CHAPTER 9

SILBURY HILL

In the Avebury area a few miles north of Stonehenge there is another very substantial megalithic construction we should look at. No one has any idea what the purpose was in building it. Here it is:





This is the largest artificial ancient mound in Europe. It's 130 feet high and covers 5 1/2 acres at its base. The top is flat. The surrounding ditch was originally about 125 ft. wide and 30 ft. deep with a large extension to the west. It is now almost completely silted up as a result of long continued flooding. Here's what we're told about the construction:

The construction of the mound shows an almost obsessive concern for stability. The piled material has been laid in horizontal layers, each divided into numerous sectors by radial and circumferential walls of chalk blocks; and the inner side of the ditch has been protected from frost-weathering, which would have undermined the edge of the mound, by piling against it horizontal layers of chalk rubble, held in place by timber revetment. These are features unknown elsewhere in earthworks of this early date, and they show that the builders of Silbury had a remarkable empirical knowledge of civil engineering, which they applied so effectively that the shape of the mound has hardly changed at all since it was built.

Several points come to mind:

-- It's about 50 feet in diameter at the flat top;

-- The terrace wall is about the same height as the Stonehenge uprights -- about 15 feet.

-- This is high enough to stop a man standing on another's shoulders reaching the top.

In modern times Silbury Hill has been dug into from the top down and from the side into the centre. Nothing has been found in it. But as a result we now know how it was constructed. First there was a primary mound or core of clay, with flints, then stacked turf and soil, then four coverings of chalk, gravel and topsoil, like this:







But that's just the core. On top of the core we have this, like a six tiered wedding cake, made of chalk blocks, with rubble infill:






To all intents and purposes it's the same shape today as on the day it was completed. Apparently no trees or shrubs have grown on the slope of the hill. Since its purpose is unknown, let's consider it more closely. First, why build an artificial hill in a valley when there are natural hills near by. The answer seems to be that the builders wanted a moat around it. It is close to Swallowhead natural spring, so close that although the adjoining river dries up in summer and goes underground, the Silbury moat always has water in it. Here's the plan of the hill and moat:







The moat is deep -- 30 feet -- and Roman wells dug 2,000 years later between Silbury Hill and the spring are only 20 feet deep. This means that the moat drew underground water from below the top of the water table. The extension of the moat in its long axis is 1109 feet. Was the moat a water reservoir for use of the people -- I would say probably the half-Immortals -- using Avebury, West Kennet Long Barrow and the other megalithic constructions in the area? If it was intended as a reservoir only, then it was not necessary to build the hill.

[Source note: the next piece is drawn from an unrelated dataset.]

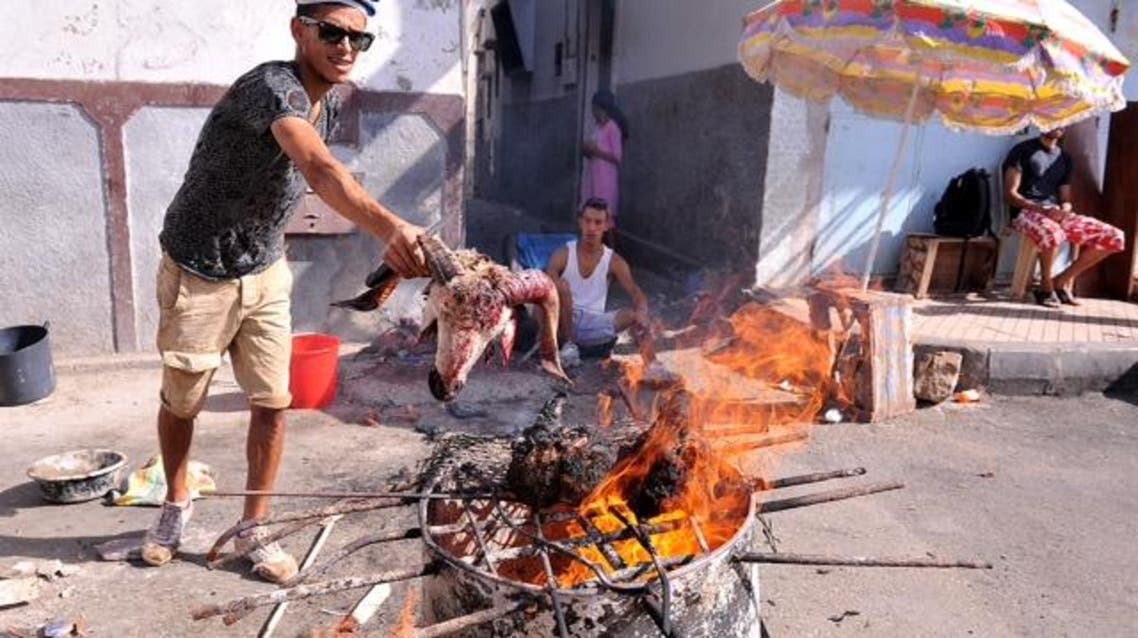 شباب يشتغلون يوم عيد الأضحى في شي رؤوس الأضاحي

I conclude that the hill was built in a valley beside a spring because it was necessary to have water surrounding it all year long, including during a hot dry summer. This probably relates to a risk of fire on the hill which was turfed and bare of trees or other combustibles.

Why flatten the Silbury hill top and make it difficult of access by humans?

The Immortals required mortals to provide them with labour and food and drink, but kept well away from them. Here's what the Book of Exodus in the Bible says, Ch.19:

"And Yhwh (Jehovah) said unto Moses, Lo, I come unto thee in a thick cloud, that the people may hear when I speak with thee, and believe thee for ever..... Go to the people and sanctify them today and tomorrow and they must wash their clothes.... the third day Yhwh will come down in the sight of all the people upon Mount Sinai. And you must set bounds for the people ...saying guard yourselves against going up into the Mount, and do not touch the edge of it. Anybody touching the Mount shall be surely put to death. On the third day....thunders and lightnings began occurring and a thick cloud up on the Mount, and a very loud sound of a horn. Moses now brought the people out of the camp to meet the God, and Mount Sinai smoked all over due to the fact that Yhwh came down upon it in fire; and its smoke kept ascending like the smoke of a kiln, and the whole mount was trembling very much. When the sound of the horn became continually louder and louder, Moses began to speak and the God began to answer him with a voice.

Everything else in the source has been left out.